◆ What this task involves
Please, from the entries below, transcribe exactly the lines that begin at the line with "Sunday Holiday Hotel" and end at the line with "31 Harbourvue Court, Helensvale QLD 4212", without the pictures.
-- Supplied information follows --
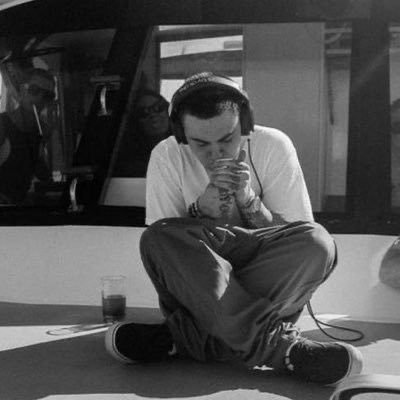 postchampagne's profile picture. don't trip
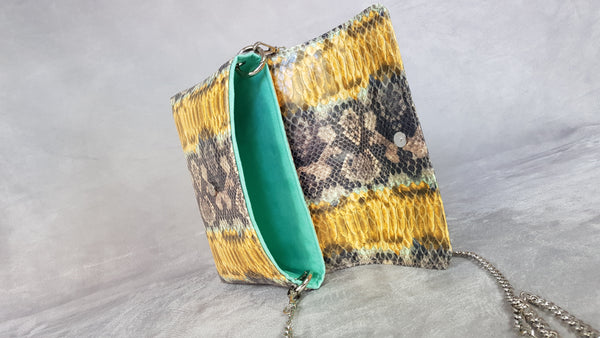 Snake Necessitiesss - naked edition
-- Supplied information concluded --
-- Supplied information follows --
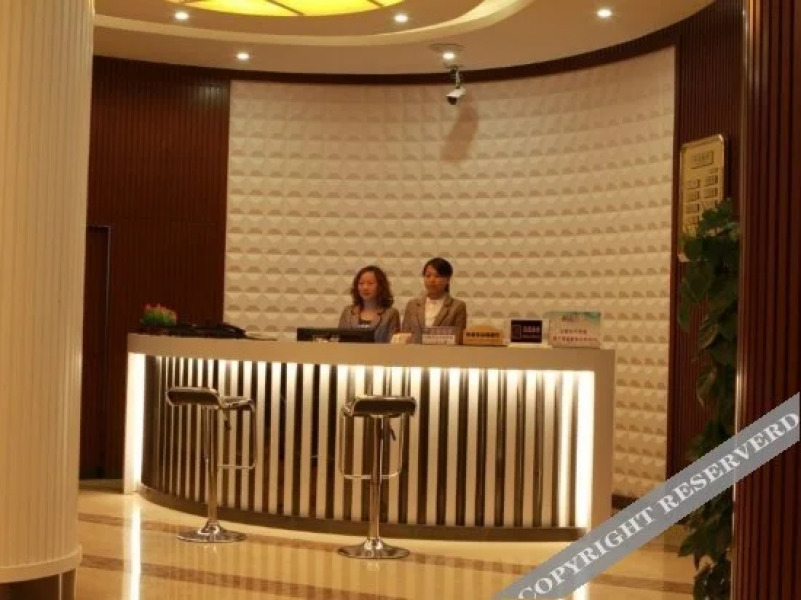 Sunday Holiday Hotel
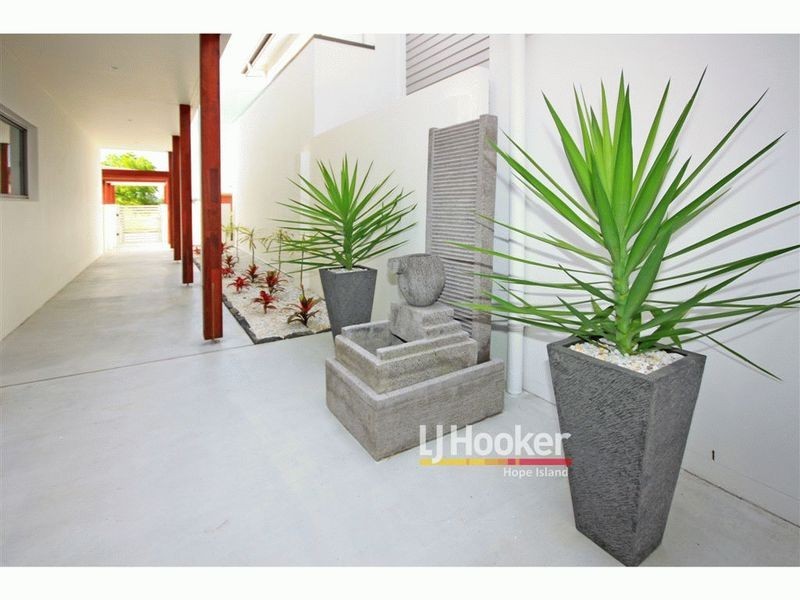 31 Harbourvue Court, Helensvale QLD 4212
-- Supplied information concluded --
◆ Answer to the problem
 Sunday Holiday Hotel
 31 Harbourvue Court, Helensvale QLD 4212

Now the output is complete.